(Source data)
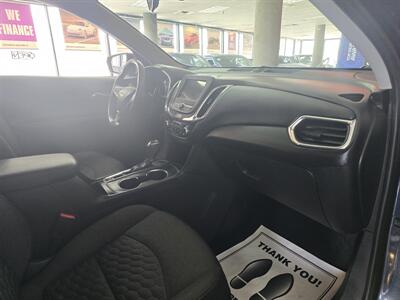 2019 Chevrolet Equinox LT 4DR SUV AWD/2LT   - Photo 13 - Hamilton, OH 45015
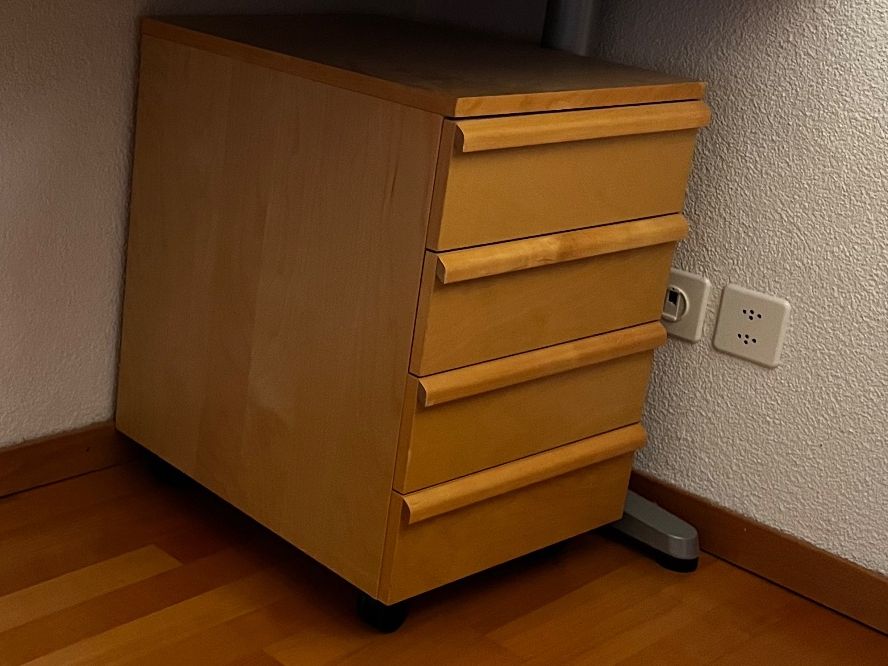 Ikea Eléments de bureau: Rollcontainer Buche 4 Schubladen guter Zustand – D'occasion à Büsserach par Biene019 2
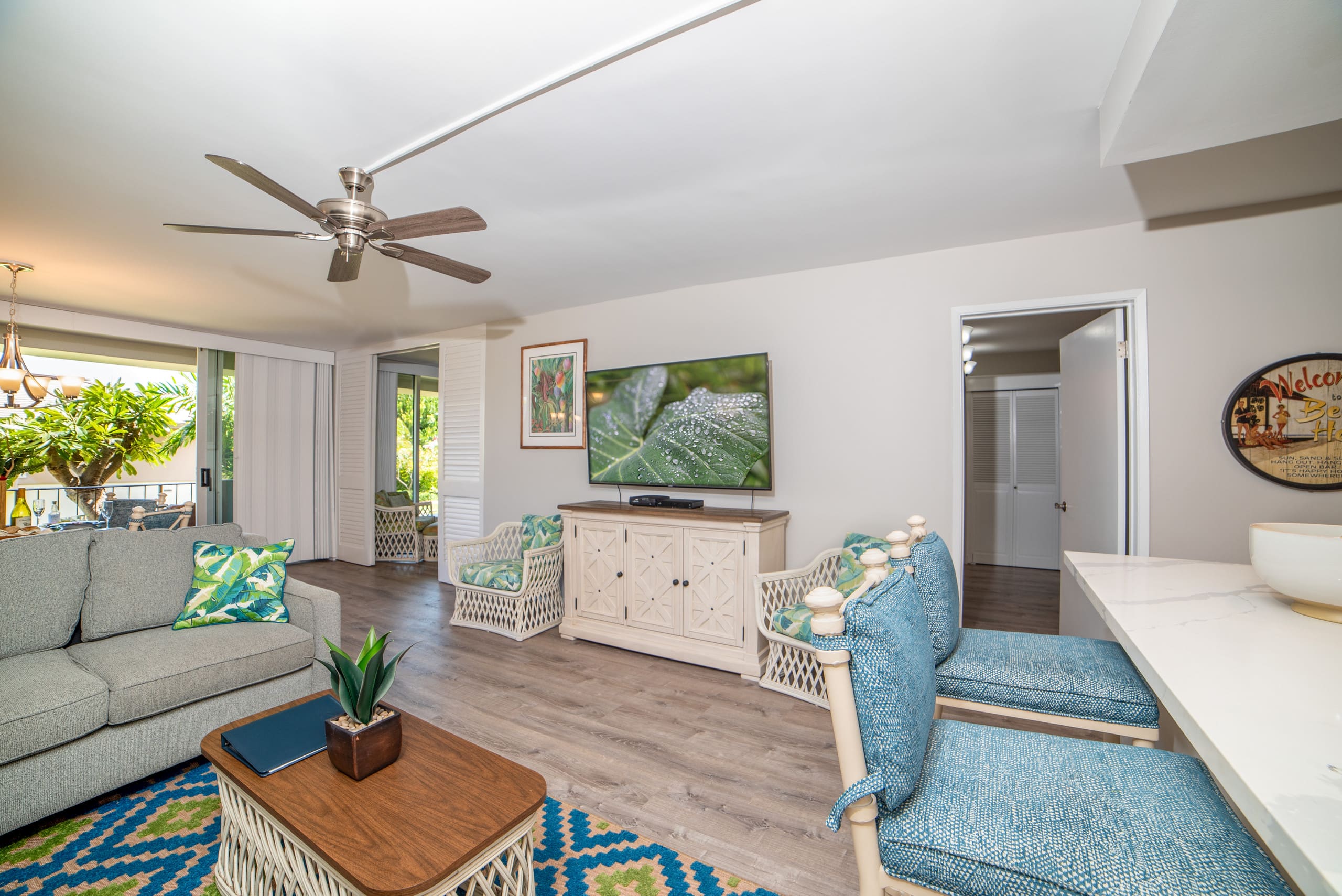Condo in Lahaina · ★4.58 · 1 bedroom · 3 beds · 1 private bath - Image 5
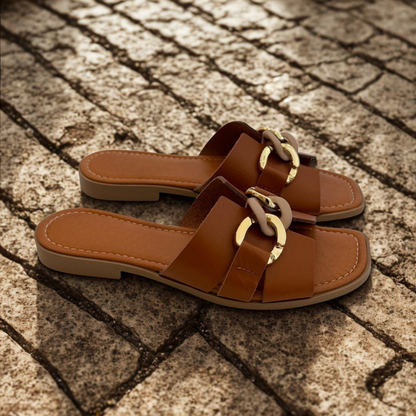 Sandalias de cuero con accesorio dorado para mujer
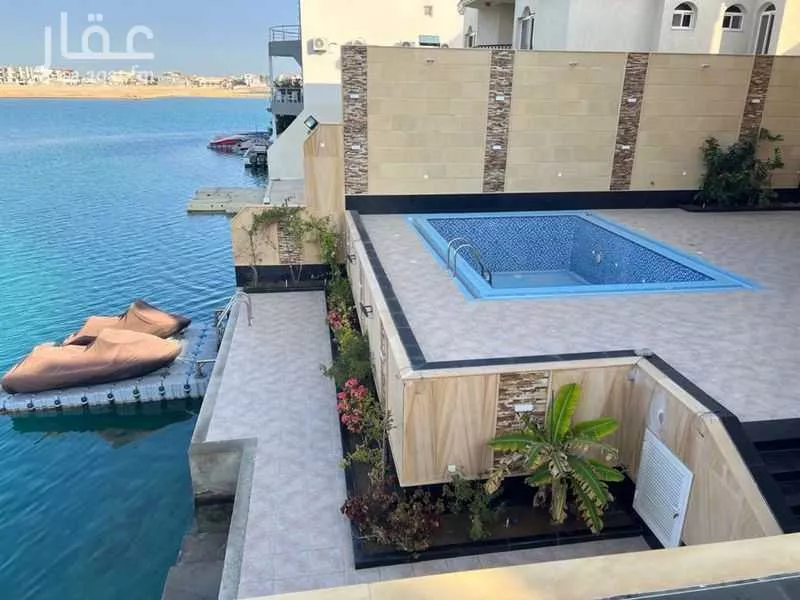 7 bedroom villa in Az Zomorod 2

What you should do:
Would you please print only the lines running from the one with "Condo in Lahaina" to the final line of the entries above, exactly as written and without pictures?

Output:
Condo in Lahaina · ★4.58 · 1 bedroom · 3 beds · 1 private bath - Image 5
 Sandalias de cuero con accesorio dorado para mujer
 7 bedroom villa in Az Zomorod 2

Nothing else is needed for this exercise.